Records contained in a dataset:
================

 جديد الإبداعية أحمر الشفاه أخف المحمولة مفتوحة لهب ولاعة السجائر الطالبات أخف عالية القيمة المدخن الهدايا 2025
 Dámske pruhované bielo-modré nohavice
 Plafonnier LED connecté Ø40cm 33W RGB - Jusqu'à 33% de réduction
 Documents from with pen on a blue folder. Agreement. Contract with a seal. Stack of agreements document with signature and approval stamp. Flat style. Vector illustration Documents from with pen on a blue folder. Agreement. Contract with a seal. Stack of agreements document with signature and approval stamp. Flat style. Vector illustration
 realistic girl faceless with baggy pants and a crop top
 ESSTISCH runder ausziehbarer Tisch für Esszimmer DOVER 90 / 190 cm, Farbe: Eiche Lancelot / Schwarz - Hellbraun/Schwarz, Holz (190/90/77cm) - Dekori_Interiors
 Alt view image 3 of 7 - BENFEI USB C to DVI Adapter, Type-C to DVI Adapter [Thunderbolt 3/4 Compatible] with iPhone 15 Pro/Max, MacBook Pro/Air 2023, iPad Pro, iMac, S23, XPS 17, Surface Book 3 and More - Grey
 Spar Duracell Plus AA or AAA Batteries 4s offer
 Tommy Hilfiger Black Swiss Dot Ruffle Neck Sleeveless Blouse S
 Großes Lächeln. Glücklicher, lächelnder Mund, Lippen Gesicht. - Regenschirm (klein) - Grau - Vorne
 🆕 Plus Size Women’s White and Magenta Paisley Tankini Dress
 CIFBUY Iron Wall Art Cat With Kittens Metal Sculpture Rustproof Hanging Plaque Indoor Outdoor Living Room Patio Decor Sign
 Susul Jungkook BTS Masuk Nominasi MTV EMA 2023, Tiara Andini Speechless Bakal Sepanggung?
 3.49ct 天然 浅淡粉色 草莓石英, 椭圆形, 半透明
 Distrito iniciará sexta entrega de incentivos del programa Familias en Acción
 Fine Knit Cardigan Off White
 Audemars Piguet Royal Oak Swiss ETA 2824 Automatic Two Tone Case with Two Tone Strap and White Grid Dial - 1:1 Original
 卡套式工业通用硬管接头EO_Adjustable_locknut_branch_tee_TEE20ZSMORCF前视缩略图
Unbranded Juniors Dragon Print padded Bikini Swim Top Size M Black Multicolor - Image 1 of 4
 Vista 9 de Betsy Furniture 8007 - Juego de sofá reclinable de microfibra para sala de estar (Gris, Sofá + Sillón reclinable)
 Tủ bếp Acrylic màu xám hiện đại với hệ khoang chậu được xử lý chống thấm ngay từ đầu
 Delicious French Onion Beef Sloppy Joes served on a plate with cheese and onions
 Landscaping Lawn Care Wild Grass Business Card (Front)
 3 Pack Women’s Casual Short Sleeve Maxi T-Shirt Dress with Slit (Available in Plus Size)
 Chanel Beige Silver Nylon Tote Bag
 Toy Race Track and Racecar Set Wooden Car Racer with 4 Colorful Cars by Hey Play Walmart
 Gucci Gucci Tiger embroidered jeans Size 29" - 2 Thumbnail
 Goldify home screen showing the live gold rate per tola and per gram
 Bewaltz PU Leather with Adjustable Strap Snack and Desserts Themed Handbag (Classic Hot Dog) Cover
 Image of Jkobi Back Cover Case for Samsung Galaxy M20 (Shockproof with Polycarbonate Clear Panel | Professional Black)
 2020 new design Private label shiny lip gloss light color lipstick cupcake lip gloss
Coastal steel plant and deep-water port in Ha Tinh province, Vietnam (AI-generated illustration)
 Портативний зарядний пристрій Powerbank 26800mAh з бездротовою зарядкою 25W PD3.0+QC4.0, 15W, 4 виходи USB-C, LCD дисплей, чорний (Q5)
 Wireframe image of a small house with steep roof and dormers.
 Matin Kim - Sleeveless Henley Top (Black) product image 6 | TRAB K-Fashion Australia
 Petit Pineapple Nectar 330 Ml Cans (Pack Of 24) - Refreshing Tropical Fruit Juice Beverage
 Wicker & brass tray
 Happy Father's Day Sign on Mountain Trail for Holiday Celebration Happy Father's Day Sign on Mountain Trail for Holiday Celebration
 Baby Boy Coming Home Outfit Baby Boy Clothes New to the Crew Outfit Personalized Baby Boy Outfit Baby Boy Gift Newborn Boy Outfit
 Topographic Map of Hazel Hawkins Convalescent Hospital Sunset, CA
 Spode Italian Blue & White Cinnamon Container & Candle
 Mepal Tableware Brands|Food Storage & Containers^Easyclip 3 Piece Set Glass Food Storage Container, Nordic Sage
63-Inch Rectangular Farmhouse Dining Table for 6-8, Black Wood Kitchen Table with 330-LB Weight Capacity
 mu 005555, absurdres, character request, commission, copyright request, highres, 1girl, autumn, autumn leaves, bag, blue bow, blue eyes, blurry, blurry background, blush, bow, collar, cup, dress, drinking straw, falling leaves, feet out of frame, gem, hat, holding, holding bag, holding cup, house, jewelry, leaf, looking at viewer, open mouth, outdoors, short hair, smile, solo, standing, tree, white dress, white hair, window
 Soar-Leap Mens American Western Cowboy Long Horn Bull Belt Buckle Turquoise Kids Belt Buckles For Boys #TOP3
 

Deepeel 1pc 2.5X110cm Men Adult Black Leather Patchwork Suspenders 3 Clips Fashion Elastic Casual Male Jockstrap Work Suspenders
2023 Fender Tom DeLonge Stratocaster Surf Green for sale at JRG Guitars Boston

================

Pull out all lines from the entries above in which the word "Container" appears.

 Spode Italian Blue & White Cinnamon Container & Candle
 Mepal Tableware Brands|Food Storage & Containers^Easyclip 3 Piece Set Glass Food Storage Container, Nordic Sage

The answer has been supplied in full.